This should be less and less necessary these days as most distributions offer command line tools to automatically create or update initrd or initramfs files. Still, once in a while you may need a level of control that those tools don't offer, so you need to manually unpack, modify and repack the initrd or initramfs file. It's not particularly complicated, but there are some steps that you need to get right.

Introduction

The purpose of initrd and initramfs (also known, generically, as "initial RAM disk") is similar: they contain a minimal root filesystem, along with some scripts. When the kernel boots, if it is instructed to use an initrd or initramfs (this is usually done with some boot loader configuration) it unpacks the file in RAM, chroot()s into it, and run some predefined scripts. Finally, the "real" root file system is mounted, the kernel switches to it and the normal init process can begin.
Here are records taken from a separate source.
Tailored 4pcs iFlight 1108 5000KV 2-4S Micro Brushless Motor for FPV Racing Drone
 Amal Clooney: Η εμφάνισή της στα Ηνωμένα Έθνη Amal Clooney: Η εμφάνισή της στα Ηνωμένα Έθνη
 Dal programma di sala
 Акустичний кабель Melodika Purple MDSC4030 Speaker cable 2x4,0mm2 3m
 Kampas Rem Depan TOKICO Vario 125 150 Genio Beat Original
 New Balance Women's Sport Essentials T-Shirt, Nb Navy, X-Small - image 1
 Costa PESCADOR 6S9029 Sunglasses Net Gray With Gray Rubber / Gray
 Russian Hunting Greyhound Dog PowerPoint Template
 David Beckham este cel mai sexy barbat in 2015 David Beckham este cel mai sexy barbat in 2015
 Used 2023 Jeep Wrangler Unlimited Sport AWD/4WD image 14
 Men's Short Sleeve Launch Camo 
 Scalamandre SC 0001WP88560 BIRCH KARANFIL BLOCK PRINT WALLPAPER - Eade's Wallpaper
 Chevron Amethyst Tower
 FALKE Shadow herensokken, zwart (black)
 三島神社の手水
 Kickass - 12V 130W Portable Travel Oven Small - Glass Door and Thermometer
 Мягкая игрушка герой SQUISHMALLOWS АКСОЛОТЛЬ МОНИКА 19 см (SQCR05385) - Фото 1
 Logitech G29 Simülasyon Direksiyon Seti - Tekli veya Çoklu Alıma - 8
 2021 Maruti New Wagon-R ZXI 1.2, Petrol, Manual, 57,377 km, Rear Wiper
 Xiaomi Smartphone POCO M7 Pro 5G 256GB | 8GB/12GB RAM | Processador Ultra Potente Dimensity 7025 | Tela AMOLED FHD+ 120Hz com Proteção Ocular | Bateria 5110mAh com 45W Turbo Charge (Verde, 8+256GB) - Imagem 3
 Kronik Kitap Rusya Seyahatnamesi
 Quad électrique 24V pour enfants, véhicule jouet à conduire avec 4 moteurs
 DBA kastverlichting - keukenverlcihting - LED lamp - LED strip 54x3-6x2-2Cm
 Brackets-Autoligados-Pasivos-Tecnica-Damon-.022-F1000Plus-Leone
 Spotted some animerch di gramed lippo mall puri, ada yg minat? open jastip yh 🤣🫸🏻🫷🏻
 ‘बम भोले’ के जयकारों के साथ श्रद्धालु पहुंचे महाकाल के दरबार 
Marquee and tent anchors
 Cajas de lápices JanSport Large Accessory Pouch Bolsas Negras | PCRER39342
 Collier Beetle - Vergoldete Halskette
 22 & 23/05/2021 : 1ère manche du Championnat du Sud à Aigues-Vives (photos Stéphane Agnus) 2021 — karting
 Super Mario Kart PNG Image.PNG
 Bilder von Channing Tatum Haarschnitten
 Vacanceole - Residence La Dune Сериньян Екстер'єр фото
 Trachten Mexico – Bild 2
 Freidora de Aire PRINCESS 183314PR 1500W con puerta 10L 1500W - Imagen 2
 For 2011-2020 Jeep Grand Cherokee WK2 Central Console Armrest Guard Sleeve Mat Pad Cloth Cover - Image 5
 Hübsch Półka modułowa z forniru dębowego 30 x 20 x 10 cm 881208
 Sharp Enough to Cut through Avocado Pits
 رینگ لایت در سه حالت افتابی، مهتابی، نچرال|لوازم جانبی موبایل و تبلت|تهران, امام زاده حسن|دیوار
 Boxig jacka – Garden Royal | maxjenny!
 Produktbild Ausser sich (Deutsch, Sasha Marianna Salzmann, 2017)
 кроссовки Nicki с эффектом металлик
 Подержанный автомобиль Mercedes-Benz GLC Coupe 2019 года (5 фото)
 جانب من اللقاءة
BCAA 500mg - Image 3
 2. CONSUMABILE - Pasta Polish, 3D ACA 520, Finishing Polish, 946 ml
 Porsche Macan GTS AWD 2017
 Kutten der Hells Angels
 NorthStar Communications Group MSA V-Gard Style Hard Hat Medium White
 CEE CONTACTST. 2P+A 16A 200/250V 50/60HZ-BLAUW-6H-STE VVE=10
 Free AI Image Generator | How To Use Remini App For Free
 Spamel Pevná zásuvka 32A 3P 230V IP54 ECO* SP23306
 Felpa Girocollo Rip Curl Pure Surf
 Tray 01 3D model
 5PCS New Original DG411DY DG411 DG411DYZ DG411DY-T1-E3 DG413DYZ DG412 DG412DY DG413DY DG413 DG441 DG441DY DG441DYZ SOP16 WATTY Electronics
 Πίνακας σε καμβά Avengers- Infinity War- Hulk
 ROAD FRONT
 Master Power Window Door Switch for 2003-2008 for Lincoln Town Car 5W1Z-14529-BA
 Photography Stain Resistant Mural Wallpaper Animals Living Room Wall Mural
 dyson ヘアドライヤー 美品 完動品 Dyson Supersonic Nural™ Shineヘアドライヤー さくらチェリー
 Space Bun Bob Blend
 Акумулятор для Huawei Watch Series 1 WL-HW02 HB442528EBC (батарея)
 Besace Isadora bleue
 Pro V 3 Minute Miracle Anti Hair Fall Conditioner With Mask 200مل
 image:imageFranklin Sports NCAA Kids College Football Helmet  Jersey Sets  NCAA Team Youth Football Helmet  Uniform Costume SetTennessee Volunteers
Why do we need an initial RAM disk in the first place? You're probably wondering this if you use to build your own kernel with the necessary modules for your hardware built-in. In that case, you almost never need an initial RAM disk.
But many distributions have to ship a binary kernel that should work on most, or even all, different combinations of hardware, storage, filesystems, etc. They can't obviously build all the possible modules into the kernel. So they ship a minimal, generic kernel, and use an initial RAM disk that contains most hardware modules and some logic to detect which modules need to be loaded to be able to continue to boot the system normally (ie from the hard drive).
This means that it's possible to boot the kernel, load some modules and run some tasks (from the RAM disk), and finally start the normal boot process (/sbin/init etc.). The initial RAM disk must contain a fully functional file system, including some essential programs and libraries. For space reasons, small footprint binaries are usually used (eg ash, busybox, or klibc). Once the initial RAM disk's job is over and the kernel has switched to the real root file system, the memory used by the RAM disk is freed.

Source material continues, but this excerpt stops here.